The river is 80-meters wide. That is, the distance from shore to shore as measured straight across the river is 80 meters. The time to cross this 80-meter wide river can be determined by rearranging and substituting into the average speed equation.

**time**** = distance /(ave. speed)**

The distance of 80 m can be substituted into the numerator. But what about the denominator? What value should be used for average speed? Should 3 m/s (the current velocity), 4 m/s (the boat velocity), or 5 m/s (the resultant velocity) be used as the average speed value for covering the 80 meters? With what average speed is the boat traversing the 80 meter wide river? Most students want to use the resultant velocity in the equation since that is the actual velocity of the boat with respect to the shore. Yet the value of 5 m/s is the speed at which the boat covers the diagonal dimension of the river. And the diagonal distance across the river is not known in this case. If one knew the **distance C** in the diagram below, then the **average speed C** could be used to calculate the time to reach the opposite shore. Similarly, if one knew the **distance B** in the diagram below, then the **average speed B** could be used to calculate the time to reach the opposite shore. And finally, if one knew the **distance A** in the diagram below, then the **average speed A** could be usedto calculate the time to reach the opposite shore.

In our problem, the 80 m corresponds to the distance A, and so the average speed of 4 m/s (average speed in the direction straight across the river) should be substituted into the equation to determine the time.

**time**** = (80 m)/(4 m/s) = 20 s**

It requires 20 s for the boat to travel across the river. During this 20 s of crossing the river, the boat also drifts downstream. Part c of the problem asks “What distance downstream does the boat reach the opposite shore?” The same equation must be used to calculate this *downstream distance*. And once more, the question arises, which one of the three average speed values must be used in the equation to calculate the distance downstream? The distance downstream corresponds to **Distance B** on the above diagram. The speed at which the boat covers this distance corresponds to **Average Speed B** on the diagram above (i.e., the speed at which the current moves – 3 m/s). And so the average speed of 3 m/s (average speed in the downstream direction) should be substituted into the equation to determine the distance.

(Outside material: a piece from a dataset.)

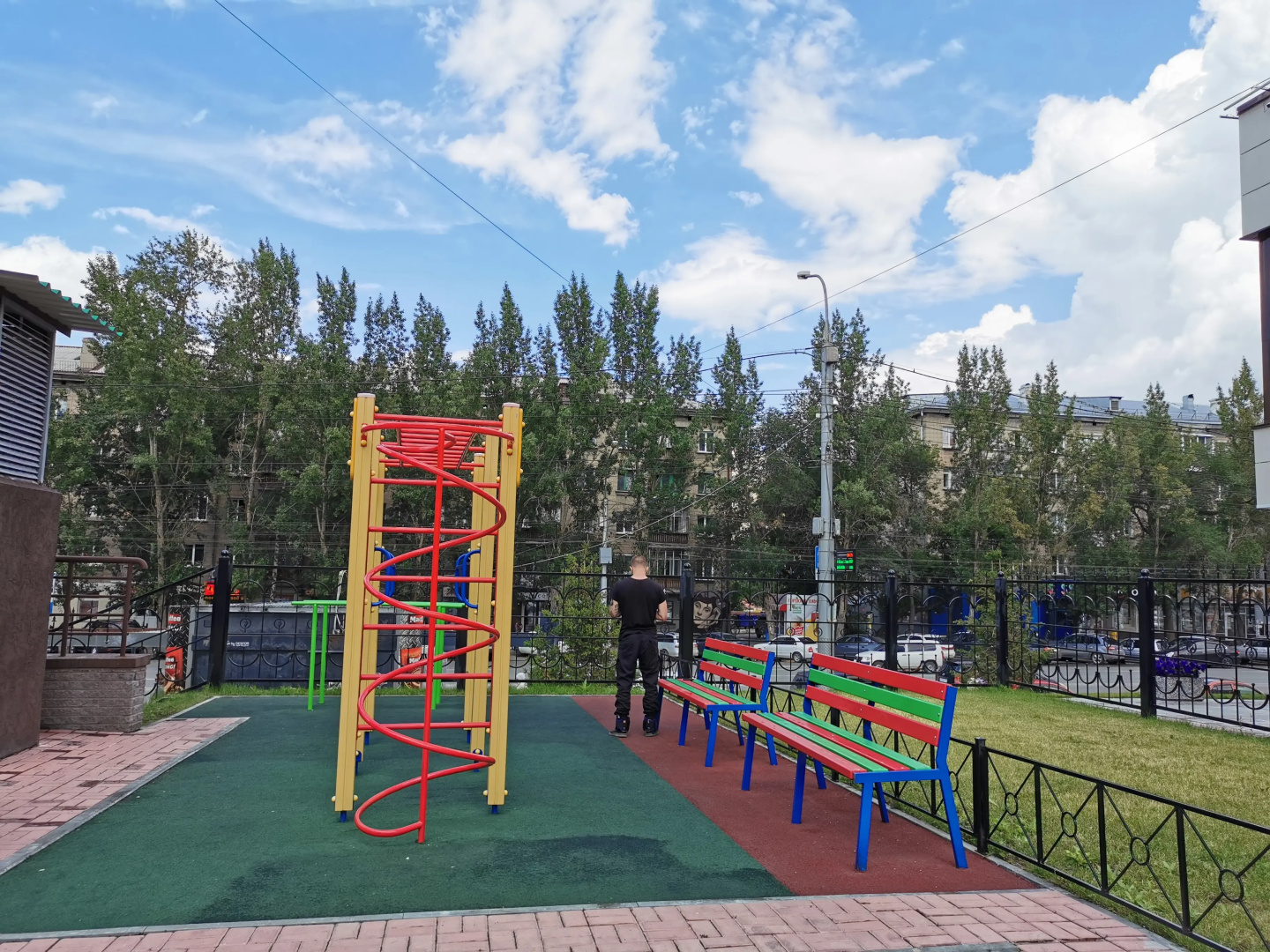 Квартира Sibkvart Гоголя 26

**distance**** = ave. speed * time = (3 m/s) * (20 s)**

**distance**** = 60 m**

The boat is carried 60 meters downstream during the 20 seconds it takes to cross the river.

The mathematics of the above problem is no more difficult than dividing or multiplying two numerical quantities by each other. The mathematics is easy! The difficulty of the problem is conceptual in nature; the difficulty lies in deciding which numbers to use in the equations. That decision emerges from one’s conceptual understanding (or unfortunately, one’s misunderstanding) of the complex motion that is occurring. The motion of the riverboat can be divided into two simultaneous parts – a motion in the direction straight across the river and a motion in the downstream direction. These two parts (or components) of the motion occur simultaneously for the same time duration (which was 20 seconds in the above problem). The decision as to which velocity value or distance value to use in the equation must be consistent with the diagram above. The boat’s motor is what carries the boat across the river the **Distance A**; and so any calculation involving the **Distance A** must involve the speed value labeled as **Speed A** (the boat speed relative to the water). Similarly, it is the current of the river that carries the boat downstream for the **Distance B**; and so any calculation involving the **Distance B** must involve the speed value labeled as**Speed**** B** (the river speed). Together, these two parts (or components) add up to give the resulting motion of the boat. That is, the across-the-river component of displacement adds to the downstream displacement to equal the resulting displacement. And likewise, the boat velocity (across the river) adds to the river velocity (down the river) to equal the resulting velocity. And so any calculation of the Distance C or the Average Speed C (“Resultant Velocity”) can be performed using the Pythagorean theorem.